Sep
14
This past Sunday, I attended a memorial service at WSH where both top administrators and students spoke about unity past 9/11 and their experiences on that specific day 10 years ago.
This weekend was really hectic, I had gone away Saturday night with my Korean Catholic group. Sunday was lined with group projects and time reserved to work on my honors thesis. However, something was tugging at me inside all day. I guess, these past few years, 9/11 has come and gone pretty quickly. I didn’t even realize it had already been 10 years. It made me feel guilty that I did not spend more time reflecting and remembering on such an important day those that sacrificed their lives for the safety of others.

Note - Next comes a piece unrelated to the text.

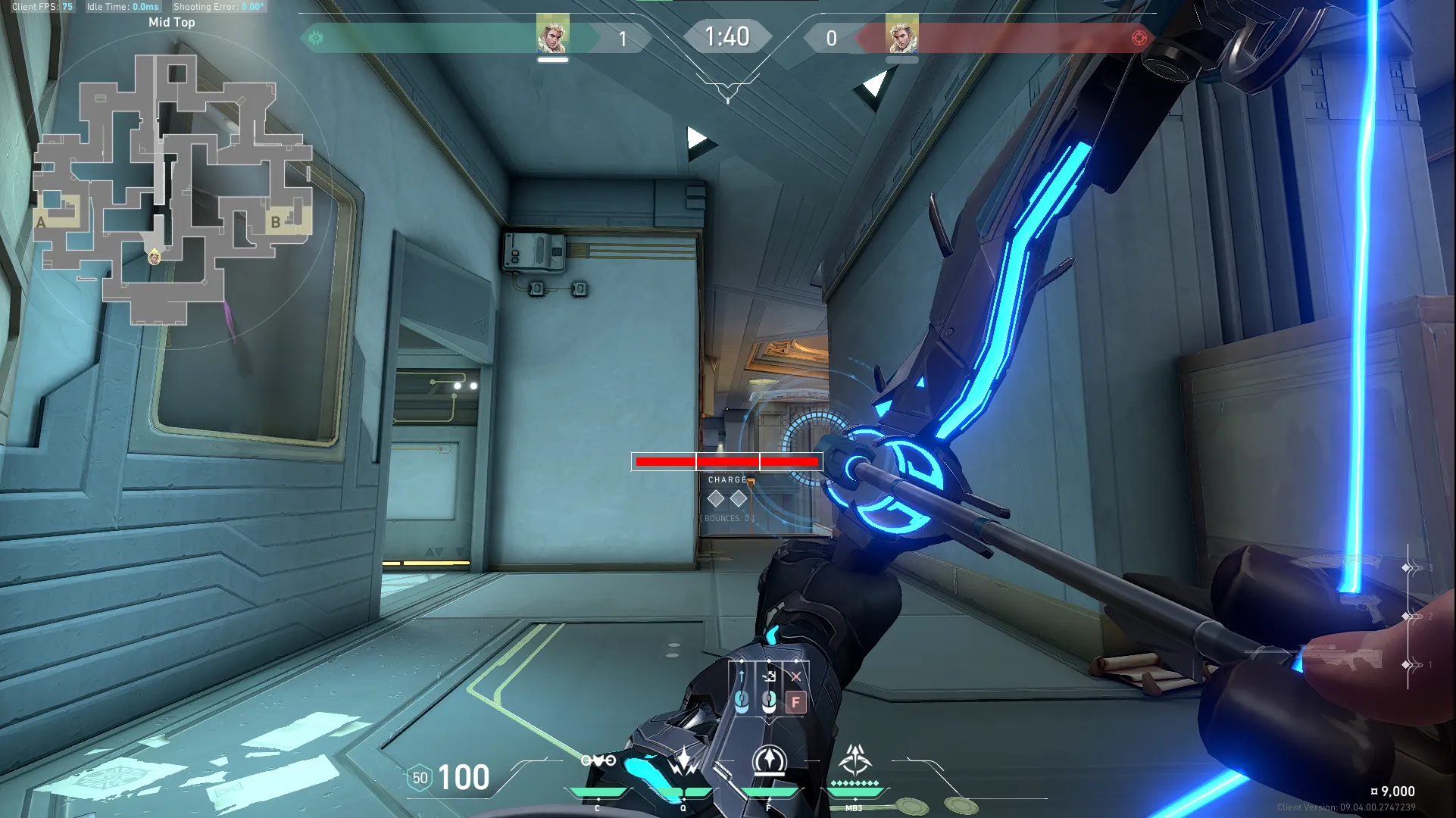 Sova Recon Bolt on Abyss Defense Mid — step 3 of 4: Aim — line up the shot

So, I decided the least I could do was to attend the service and offer prayers. I was surprised at the student turnout and even touched because so many of them had taken off that time in their days to come and pay respects. The speakers were all touching, but I was especially moved by Sara Rahman’s talk. She talked about how 9/11 affected the rest of the Muslim community she was a part of, and how, despite stereotypes and anger against her community, her parents and her small town worked endlessly to help support those victims of the 9/11 terror attack. It was an emotional speech and I could sense multiple emotions ranging from sadness of others’ misunderstanding to anger of the damages caused by that day to her as an American and a Muslim to hope from what rose from the remains of 9/11.
I remember exactly what happened that day as well. I heard over the loudspeaker my principal saying something about the twin towers. At the moment, I ignored it because I just could not believe even for a second that such an atrocity could have happened. But then, I heard one of my classmates gasp and go up to the teacher after which she was sent out of the classroom. Slowly things unraveled as I realized that this had actually happened. As soon as I got home, I frantically called my cousin who went to school in NYC. I was young back then and didn’t realize Hunter High School was miles from the twin towers, and I remember the relief from hearing her voice. Still, I was too young to comprehend the magnitude of the situation, and I feel as though I get more emotional now reflecting than I had been at the moment of the incident.
We are all Americans, whether legalized or not, if we call this land our home. The unity that rose from 9/11 was one of the goods that came out of such evil. During the Virginia Tech shooting, I remember the scare in the Asian community of backlash and racism, and there were small incidents, but nothing too overt. I can only imagine how the Muslim community must have felt and still feel from the after effects of 9/11. The important thing is not to carve ourselves out as separate communities, but to remember our similarities during such events, so that we may unite as one front against those that cause so much evil and pain. When we fragment on our home front is when, I think, America will no longer be America.